> [What the exercise asks] Can you retype only the lines from the one with "Bộ Quần Áo Thun" through the final line of the material, exactly as given?

> [Recorded information]
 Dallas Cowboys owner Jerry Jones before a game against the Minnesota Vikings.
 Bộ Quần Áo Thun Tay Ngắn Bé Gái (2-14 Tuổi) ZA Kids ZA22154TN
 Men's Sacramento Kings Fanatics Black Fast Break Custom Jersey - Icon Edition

> [Written reply]
 Bộ Quần Áo Thun Tay Ngắn Bé Gái (2-14 Tuổi) ZA Kids ZA22154TN
 Men's Sacramento Kings Fanatics Black Fast Break Custom Jersey - Icon Edition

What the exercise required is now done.